You can apply the following policy as an AWS Organizations service control policy (SCP). Users can still use presigned requests and deploy solutions that depend on those requests, as long as the time between signature generation and usage is less than 15 minutes. Depending on the implementation, this limitation might have no impact, it might cause a solution to become unusable, or it might cause occasional failures that can be retried.

{
  "Version": "2012-10-17",
  "Statement": [
    {
      "Sid": "DenyPresignedOver15Minutes",
      "Effect": "Deny",
      "Action": "s3:*",
      "Resource": "*",
      "Condition": {
        "NumericGreaterThan": {
          "s3:signatureAge": "900000"
        }
      }
    },
    {
      "Sid": "DenySignatureVersion2",
      "Effect": "Deny",
      "Action": "s3:*",
      "Resource": "*",
      "Condition": {
        "StringEquals": {
           "s3:signatureversion": "AWS"
        }
      }
    }
  ]
}

Exceptions

If a solution requires a longer time before expiration and is therefore affected by the preceding policy, we recommend that you provide a method to approve exceptions. To avoid enumerating exceptions in an SCP, use aws:PrincipalTag, as in the following policy, to manage exceptions in a scalable way. Other AWS examples, such as the AWS data perimeter policy examples, use this strategy.

If you implement an exception policy by using aws:PrincipalTag, you must control access to setting tags on principals. Tags of this type can come directly from principals and can be controlled by an SCP, as in this example of controlling which tag values can be set. A tag of this type can also come from session tags, which are set by an identity provider (IdP) or when using AWS STS. Controlling access to aws:PrincipalTag is a complex topic. However, an organization that has experience in using attribute-based access control (ABAC) will have the experience and controls to enable the appropriate use of aws:PrincipalTag for this use case.

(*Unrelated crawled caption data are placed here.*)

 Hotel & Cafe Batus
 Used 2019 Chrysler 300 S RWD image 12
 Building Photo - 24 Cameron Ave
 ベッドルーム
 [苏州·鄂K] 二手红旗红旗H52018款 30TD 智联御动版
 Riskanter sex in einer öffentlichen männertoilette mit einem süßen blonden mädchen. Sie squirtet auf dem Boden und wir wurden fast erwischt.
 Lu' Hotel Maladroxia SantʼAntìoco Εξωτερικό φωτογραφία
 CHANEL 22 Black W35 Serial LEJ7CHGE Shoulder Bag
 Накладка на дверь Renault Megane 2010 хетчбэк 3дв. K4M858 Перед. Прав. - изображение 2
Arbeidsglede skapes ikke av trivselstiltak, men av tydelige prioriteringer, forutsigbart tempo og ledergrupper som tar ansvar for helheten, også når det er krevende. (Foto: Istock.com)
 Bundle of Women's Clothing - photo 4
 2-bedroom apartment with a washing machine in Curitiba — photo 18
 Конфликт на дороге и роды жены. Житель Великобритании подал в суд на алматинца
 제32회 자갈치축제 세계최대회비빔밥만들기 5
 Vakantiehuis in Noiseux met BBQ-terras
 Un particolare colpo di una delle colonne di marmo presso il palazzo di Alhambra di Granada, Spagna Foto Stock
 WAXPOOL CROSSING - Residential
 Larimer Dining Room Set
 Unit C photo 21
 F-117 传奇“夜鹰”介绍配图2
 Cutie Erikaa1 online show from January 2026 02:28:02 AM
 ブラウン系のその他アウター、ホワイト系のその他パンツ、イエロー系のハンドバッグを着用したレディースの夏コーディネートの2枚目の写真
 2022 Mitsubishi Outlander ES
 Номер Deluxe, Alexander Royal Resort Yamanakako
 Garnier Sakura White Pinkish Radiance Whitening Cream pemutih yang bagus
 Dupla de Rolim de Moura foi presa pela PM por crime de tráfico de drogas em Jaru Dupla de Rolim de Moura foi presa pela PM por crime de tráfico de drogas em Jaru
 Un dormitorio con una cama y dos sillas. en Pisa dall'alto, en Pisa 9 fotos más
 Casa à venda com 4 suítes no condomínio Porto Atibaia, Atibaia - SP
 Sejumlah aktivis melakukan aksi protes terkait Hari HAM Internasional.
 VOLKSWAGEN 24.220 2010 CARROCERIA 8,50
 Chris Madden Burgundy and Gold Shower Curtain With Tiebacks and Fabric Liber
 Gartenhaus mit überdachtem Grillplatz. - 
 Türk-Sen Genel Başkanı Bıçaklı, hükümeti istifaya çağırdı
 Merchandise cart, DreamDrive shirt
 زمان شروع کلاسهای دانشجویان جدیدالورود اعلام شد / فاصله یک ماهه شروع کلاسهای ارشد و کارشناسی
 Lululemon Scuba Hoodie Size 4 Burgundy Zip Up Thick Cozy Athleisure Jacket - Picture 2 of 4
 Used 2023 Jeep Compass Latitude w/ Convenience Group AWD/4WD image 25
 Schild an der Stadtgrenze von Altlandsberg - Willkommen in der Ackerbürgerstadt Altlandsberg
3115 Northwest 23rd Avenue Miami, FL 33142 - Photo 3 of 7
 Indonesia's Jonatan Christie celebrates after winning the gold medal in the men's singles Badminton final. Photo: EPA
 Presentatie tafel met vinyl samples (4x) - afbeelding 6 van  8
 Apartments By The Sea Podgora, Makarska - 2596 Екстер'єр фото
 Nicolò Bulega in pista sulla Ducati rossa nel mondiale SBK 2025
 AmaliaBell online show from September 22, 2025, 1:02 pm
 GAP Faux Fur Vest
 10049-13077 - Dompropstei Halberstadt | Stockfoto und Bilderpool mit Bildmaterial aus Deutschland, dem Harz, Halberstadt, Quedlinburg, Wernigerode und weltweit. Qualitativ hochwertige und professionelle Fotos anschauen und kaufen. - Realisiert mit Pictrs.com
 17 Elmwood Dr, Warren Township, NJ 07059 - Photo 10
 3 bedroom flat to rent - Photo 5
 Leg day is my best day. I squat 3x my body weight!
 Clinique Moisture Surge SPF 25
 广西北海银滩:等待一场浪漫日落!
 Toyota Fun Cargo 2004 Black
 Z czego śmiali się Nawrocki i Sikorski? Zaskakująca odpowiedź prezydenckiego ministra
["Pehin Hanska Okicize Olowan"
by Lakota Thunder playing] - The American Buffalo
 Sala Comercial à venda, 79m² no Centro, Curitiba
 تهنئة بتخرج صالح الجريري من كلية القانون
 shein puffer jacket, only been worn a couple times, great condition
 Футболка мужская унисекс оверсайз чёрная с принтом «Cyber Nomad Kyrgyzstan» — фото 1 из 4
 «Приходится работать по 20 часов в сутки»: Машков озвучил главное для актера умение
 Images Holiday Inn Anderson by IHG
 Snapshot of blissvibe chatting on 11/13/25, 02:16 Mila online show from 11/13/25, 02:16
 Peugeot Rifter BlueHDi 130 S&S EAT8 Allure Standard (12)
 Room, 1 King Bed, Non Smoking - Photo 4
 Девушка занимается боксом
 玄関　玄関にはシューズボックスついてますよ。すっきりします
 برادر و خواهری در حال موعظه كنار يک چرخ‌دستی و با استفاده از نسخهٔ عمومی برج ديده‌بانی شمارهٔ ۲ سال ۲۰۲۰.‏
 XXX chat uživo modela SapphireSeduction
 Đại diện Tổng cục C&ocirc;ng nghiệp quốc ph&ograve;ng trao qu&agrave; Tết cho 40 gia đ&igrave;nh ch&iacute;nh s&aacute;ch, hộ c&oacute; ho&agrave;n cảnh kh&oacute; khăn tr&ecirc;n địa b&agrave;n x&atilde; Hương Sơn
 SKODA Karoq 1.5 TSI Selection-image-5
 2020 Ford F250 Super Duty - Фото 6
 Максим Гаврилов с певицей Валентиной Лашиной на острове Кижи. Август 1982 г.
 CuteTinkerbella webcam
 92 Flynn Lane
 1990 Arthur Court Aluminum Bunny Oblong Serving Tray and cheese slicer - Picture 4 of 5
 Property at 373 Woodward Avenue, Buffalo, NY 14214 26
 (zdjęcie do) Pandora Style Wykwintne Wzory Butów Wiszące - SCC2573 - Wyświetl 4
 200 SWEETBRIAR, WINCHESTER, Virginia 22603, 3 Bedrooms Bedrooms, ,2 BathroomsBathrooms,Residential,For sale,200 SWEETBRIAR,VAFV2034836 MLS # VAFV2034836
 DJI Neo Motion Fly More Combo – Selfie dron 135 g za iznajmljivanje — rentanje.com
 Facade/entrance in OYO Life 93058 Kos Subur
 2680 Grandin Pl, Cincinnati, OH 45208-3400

In the following example, the aws:PrincipalTag condition creates an exception that allows any principal with the named tag (long-presigned-allowed) assigned and set to true. With this exception the restriction on signature age is not applied.

{
  "Version": "2012-10-17",
  "Statement": [
    {
      "Sid": "DenyPresignedOver15Minutes",
      "Effect": "Deny",
      "Action": "s3:*",
      "Resource": "*",
      "Condition": {
        "NumericGreaterThan": {
          "s3:signatureAge": "900000"
        },
        "StringNotEquals": {
          "aws:PrincipalTag/long-presigned-allowed": "true"
        }
      }
    }
  ]
}

Bucket policies

You can apply bucket policies to all or selected buckets by using a policy as in the following example. Unlike an SCP, a bucket policy also targets service principal usage. Appendix A doesn’t document any expected service principal usage of presigned requests, but if you wanted to implement a control in order to prove that limit, the following policy would provide that control. Also, unlike an SCP, a bucket policy can apply to principals in your management account.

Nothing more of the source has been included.